Once the results of the survey came out, it was generally agreed upon that there should be a health park in a central area between the 5 neighborhoods in Baan Kleung. With a limited budget, a coalition of seniors and other members of the community came together to build a health park with walking/running paths, exercise equipment, an area for activities etc. by themselves. They created a space where community members could come to exercise and organise various activities, such as a basket-weaving or cooking classes in local sweet and savory dishes such as “Mee Korat” (Korat-style stir-fried noodles), that allow senior residents to pass down their knowledge to the children in the community. These activities not only make seniors feel like a valued part of the community but also revive and preserve local arts, culture and knowledge for future generations.
The key to the success of these four model communities is step-by-step implementation and systematic organisation, with the integral support of the Arsom Silp Institute. Their process can be broken down into three main principles: information gathering, information sharing with the community, and community involvement.
Surveys and data-analysis can help communities arrive at a clearer picture of themselves; they understand their problems, circumstances and the other members of their community. Sharing the information collected with the community brings everyone on board and builds community participation, ensuring that community activities or problem-solving initiatives directly respond to the needs of everyone in the community.
The next step for the Arsom Silp Institute’s project is to create nine more model communities.There will be opportunities for the budding communities to exchange knowledge and experience with the first four communities, which will act as mentors, providing examples and advice.
The first four model communities clearly depict the principles of compassionate community (a similar framework) in practice. Examples include the consideration of the needs of the elderly the value given to local cultures and traditions, the incorporation of local organisations and participation of seniors with special needs.
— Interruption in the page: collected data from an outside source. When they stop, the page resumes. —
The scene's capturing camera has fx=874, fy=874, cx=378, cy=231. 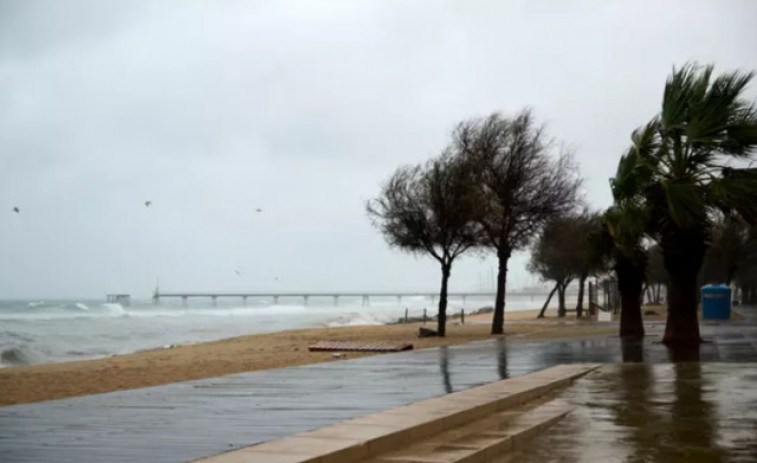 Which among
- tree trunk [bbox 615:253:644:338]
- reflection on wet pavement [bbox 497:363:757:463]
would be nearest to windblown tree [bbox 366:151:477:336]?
tree trunk [bbox 615:253:644:338]

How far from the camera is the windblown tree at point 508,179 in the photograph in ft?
112

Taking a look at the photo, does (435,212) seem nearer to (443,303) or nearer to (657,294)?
(443,303)

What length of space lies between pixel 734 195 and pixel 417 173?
18013mm

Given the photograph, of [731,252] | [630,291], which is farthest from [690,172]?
[731,252]

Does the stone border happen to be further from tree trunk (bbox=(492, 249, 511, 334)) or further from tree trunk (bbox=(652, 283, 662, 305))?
tree trunk (bbox=(652, 283, 662, 305))

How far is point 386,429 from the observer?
26.1 feet

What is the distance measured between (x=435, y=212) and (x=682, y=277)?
14.4m

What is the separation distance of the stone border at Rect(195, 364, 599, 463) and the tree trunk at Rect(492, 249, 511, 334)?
21706mm

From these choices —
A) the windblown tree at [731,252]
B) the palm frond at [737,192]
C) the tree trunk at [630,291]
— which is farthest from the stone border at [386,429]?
the windblown tree at [731,252]

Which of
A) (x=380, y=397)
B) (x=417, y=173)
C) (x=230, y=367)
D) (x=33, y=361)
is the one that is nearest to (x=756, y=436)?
(x=380, y=397)

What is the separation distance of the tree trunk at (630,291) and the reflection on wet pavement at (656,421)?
9712mm

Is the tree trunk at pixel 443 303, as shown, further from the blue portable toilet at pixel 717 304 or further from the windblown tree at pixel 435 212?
the blue portable toilet at pixel 717 304

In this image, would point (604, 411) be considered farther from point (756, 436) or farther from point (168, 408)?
point (168, 408)

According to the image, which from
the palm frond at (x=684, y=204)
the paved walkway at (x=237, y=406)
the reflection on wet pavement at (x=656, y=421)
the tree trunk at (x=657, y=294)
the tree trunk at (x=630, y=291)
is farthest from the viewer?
the tree trunk at (x=657, y=294)
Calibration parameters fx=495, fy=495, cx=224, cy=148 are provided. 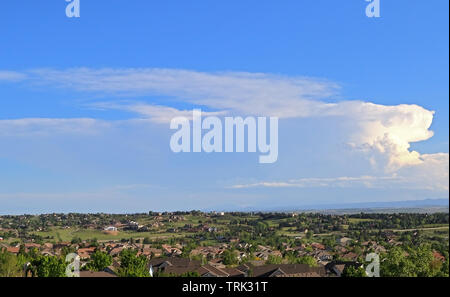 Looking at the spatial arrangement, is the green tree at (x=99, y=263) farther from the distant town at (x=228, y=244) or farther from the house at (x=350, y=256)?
the house at (x=350, y=256)

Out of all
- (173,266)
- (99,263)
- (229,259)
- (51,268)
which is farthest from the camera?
(229,259)

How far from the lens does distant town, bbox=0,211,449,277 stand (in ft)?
Answer: 209

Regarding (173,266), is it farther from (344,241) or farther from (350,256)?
(344,241)

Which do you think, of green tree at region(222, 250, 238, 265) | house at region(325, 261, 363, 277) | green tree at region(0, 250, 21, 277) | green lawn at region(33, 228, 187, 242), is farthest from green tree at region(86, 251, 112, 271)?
green lawn at region(33, 228, 187, 242)

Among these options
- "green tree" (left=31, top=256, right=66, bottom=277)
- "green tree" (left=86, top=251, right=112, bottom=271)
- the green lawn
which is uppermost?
"green tree" (left=31, top=256, right=66, bottom=277)

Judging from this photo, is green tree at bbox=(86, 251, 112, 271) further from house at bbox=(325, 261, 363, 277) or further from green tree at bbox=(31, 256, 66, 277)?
house at bbox=(325, 261, 363, 277)

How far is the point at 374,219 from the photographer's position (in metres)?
170

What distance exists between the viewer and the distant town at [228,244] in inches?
2510

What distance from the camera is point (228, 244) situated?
132 meters

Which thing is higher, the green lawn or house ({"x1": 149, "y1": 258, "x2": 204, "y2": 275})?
house ({"x1": 149, "y1": 258, "x2": 204, "y2": 275})

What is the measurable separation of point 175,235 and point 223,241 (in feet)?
61.2

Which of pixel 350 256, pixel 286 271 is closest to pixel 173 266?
pixel 286 271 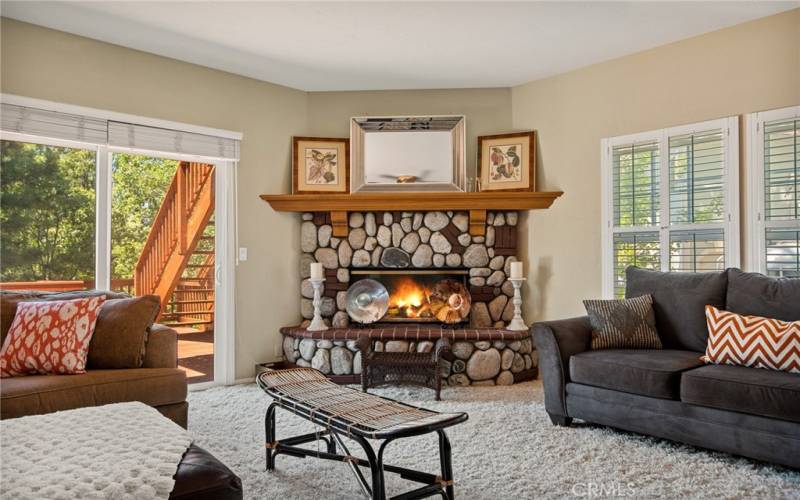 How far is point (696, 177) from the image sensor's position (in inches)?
159

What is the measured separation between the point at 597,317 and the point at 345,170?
2567 millimetres

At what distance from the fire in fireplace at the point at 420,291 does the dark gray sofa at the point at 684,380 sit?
1.40 m

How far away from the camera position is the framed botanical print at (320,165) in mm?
5105

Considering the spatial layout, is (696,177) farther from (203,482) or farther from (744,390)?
(203,482)

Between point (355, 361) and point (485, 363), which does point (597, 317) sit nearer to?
point (485, 363)

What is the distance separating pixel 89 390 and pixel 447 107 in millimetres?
3638

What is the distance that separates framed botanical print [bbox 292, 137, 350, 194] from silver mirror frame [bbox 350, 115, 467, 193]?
0.11m

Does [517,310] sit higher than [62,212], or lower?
lower

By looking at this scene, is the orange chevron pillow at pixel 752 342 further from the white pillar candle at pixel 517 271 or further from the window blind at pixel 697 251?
the white pillar candle at pixel 517 271

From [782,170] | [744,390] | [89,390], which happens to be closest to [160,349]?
[89,390]

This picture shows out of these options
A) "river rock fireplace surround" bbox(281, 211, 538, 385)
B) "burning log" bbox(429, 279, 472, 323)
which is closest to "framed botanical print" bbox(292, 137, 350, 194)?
"river rock fireplace surround" bbox(281, 211, 538, 385)

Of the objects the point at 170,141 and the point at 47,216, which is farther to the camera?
the point at 170,141

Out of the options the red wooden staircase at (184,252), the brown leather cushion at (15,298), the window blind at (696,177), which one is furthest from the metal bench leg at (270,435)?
the window blind at (696,177)

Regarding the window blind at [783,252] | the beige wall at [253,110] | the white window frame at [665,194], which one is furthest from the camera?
the beige wall at [253,110] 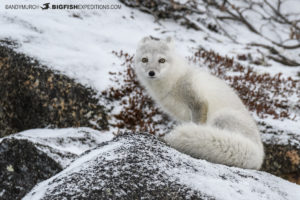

A discussion with an experienced academic in senior research, concluded the seminar. They commended the success of the model communities, and reminded participants to reflect on the sustainability of these communities in the long term. Last of all, they drew everyone’s attention to the name of the community that organized the event: Uea Arthorn, which reminds us of the “generosity” that human beings have for one another. Generosity and mutual support are two important qualities that led to the success of these communities and since, in the author’s opinion, generosity and compassion are practically one and the same, these communities of generosity can be regarded as compassionate communities
The “Yuen Thin Lang Ong Phra” session of The conference for Community-based Research into Senior Citizens, “You and I, (Being) Happy Together”, Wednesday 29th May 2019, 9:00am -12:00pm. Organised at the Community Learning and Gathering Centre of Baan Uea Arthorn Neighborhood, by the Arsom Silp Institute for the Arts, the Thai Health Promotion Foundation and partner organisations.
Interview with Pasita Adulthithipat, director of the Foundation for the Development of Spaces for the Physical Health of Seniors, Arsom Silp Institute.